The scores for each item were first aggregated by nation, yielding a 39 (items) by 43 (nations)
data matrix. Each item was scaled so that all had a potential range of between 0 and 100. The
items with the most variability should therefore contribute most to the differences in dissimilarity
coefficients. The SPSS proximities program was used to compute dissimilarity measures using
the City Black metric (Coxon, 1982) between each pair of nations on the basis of their scores on
the 39 items. One feature of this metric is that equal dissimilarity coefficients are assigned to two
objects that are (a) two units apart on each of two variables, or (b) one unit apart on one variable
and three units apart on the other (Everitt, 1980). A further feature is that multidimenstional
scaling (MDS) solutions based on this metric do not remain invariant under rigid rotations. The
resulting dimensions account for more variation in the proximities data than any variation
resulting from rotation of the solution. This is not true of Euclidean metrics (Coxon, 1982).

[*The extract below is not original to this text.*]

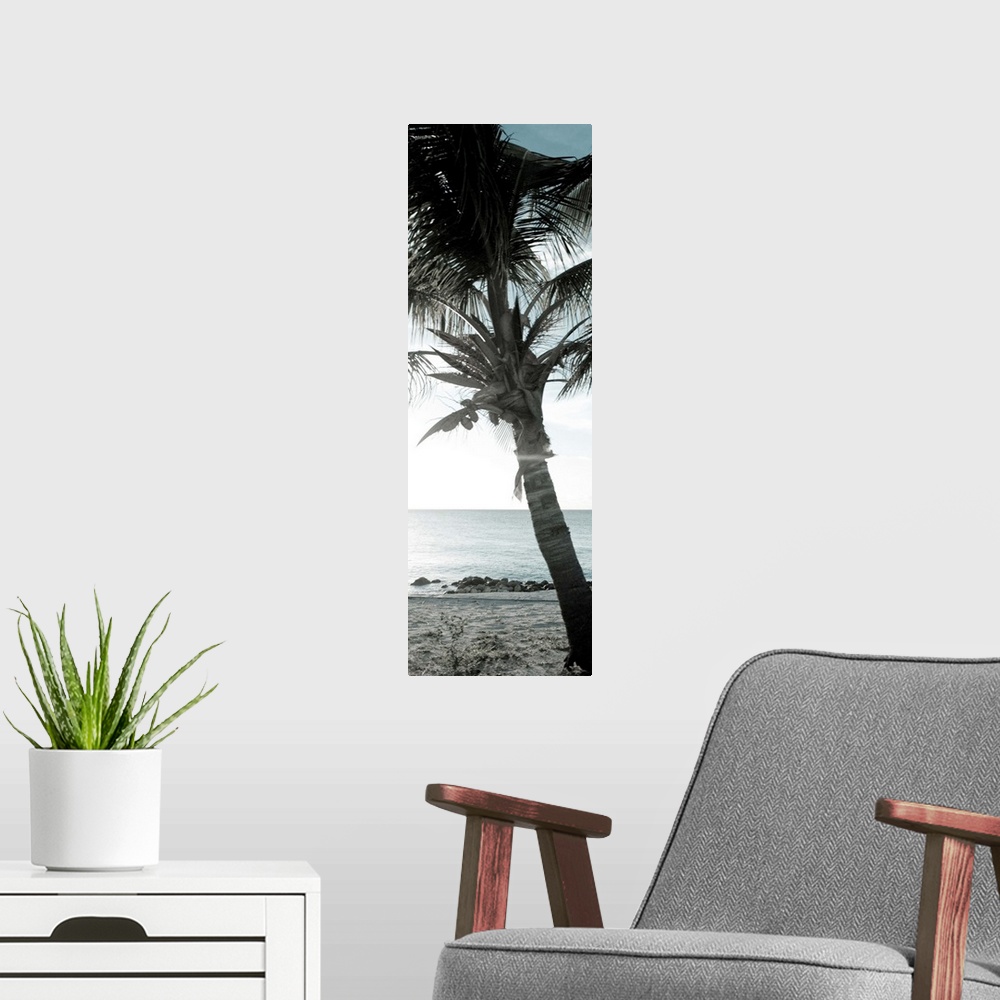 A modern room featuring Cool Bimini Palm I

The symmetric proximities matrix provided the input to the SPSS Alscal MDS package, which
was programmed to produce nonmetric scaling with the primary approach to ties. The resulting
MDS configuration was then interpreted using linear multiple regression (Kruskal & Wish, 1976).
This procedure enabled us to examine the association between the configuration and the original
variables from which the proximities data were calculated. This method also facilitates validation
of the resulting configuration by relating it to other measures not used in obtaining the
dissimilarities, such as dimensions of cultural variation revealed from other studies. In this
procedure, the various measures are regressed onto the coordinates of the MDS configuration.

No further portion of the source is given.